Outrage in Bolivia after 12-year-old living in jail raped

LA PAZ (AFP) - The case of a 12-year-old girl who is pregnant after being raped for years by her father and others in a La Paz prison has sparked outrage in Bolivia over the practice of letting children live in jails.

According to government figures, about 1,500 young children and adolescents live in Bolivian prisons with their convict relatives - a situation critics say is ripe for the kind of abuse suffered by the young girl.

Children of inmates often are forced to live with them in prison because they have no other relatives, or because both parents are in jail.

"The girl is two months' pregnant," said the country's prisons director Ramiro Llanos.

The child has told authorities she was repeatedly raped by her father, uncle and godfather since she was eight years old, Mr Llanos told local media Wednesday.

The case is now in the hands of child protection officials, who have offered the girl psychological counseling.

University professor and political analyst Carlos Cordero said the girl's situation was in part the result of the "miserable conditions and neglect of the inmates."

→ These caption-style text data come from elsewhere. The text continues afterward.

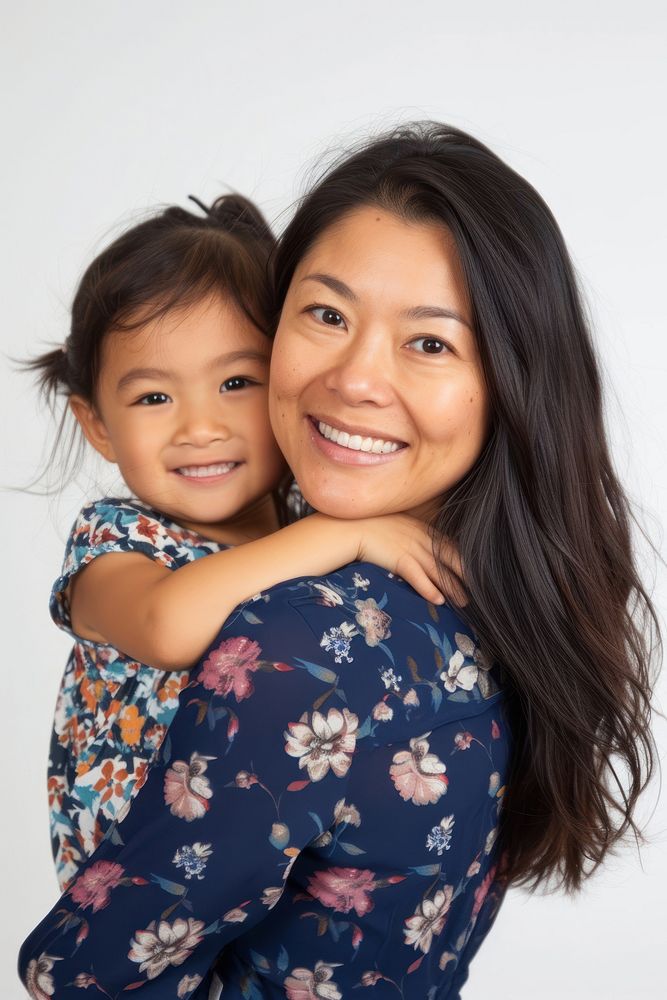 Happy asian mom with young girl portrait adult smile.
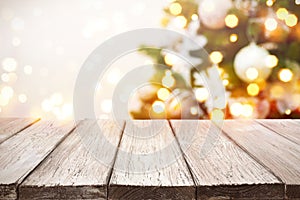 Christmas background. Wooden planks over blurred holiday tree lights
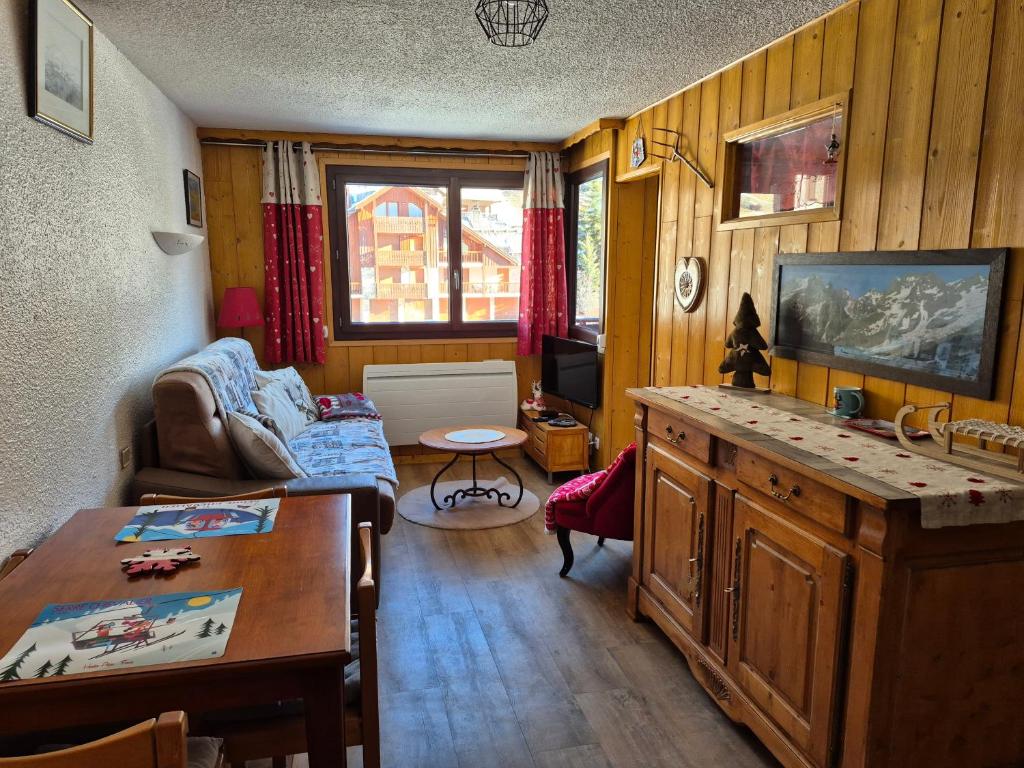 ein Wohnzimmer mit Sofa und Tisch in der Unterkunft Les Mélèzes in Saint-Chaffrey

The San Pedro prison in La Paz, where 500 children live with their parents and where the incident took place, is infamous because several years ago, visitors were able to easily buy cocaine as police turned a blind eye.

The minors share living space with violent criminals - murderers, rapists, gang members and drug dealers. They witness the rampant use of alcohol and drugs, as well as the bloody fights that frequently erupt.

"It is traumatic to live in a place like this," said Stefano Toricini, a volunteer for an Italian non-governmental organization who has provided counseling to children at San Pedro for the past decade.

"The kids live in a state of constant psychological pressure, and the culture of violence that pervades prisons is not for children."

Mr Llanos - who spent part of his childhood living in a jail with his father, a political prisoner of the country's military dictatorship in the 1960s - called on police to "stop being so corrupt and stop allowing children in prisons," in comments to the Pagina Siete newspaper.

For Yolanda Herrera, president of the independent Human Rights Assembly, "the problem is not that children are inside prisons - the problem is that there are no state policies for the protection of children."

Bolivia's police chief, General Alberto Aracena, said: "As a human being, I cannot imagine that children are made to live in prisons, because I can see that they are exposed to all sorts of dangers and risks."

With the support of Congress, police have said they will carry out a census of the children living in prisons and give officers special training to deal with the situation, Gen Aracena said.

Prisons in Bolivia are the second most crowded in the region, after those in El Salvador. They are designed to house 3,740 prisoners, but there are 13,840 inmates, according to the Organisation of American States.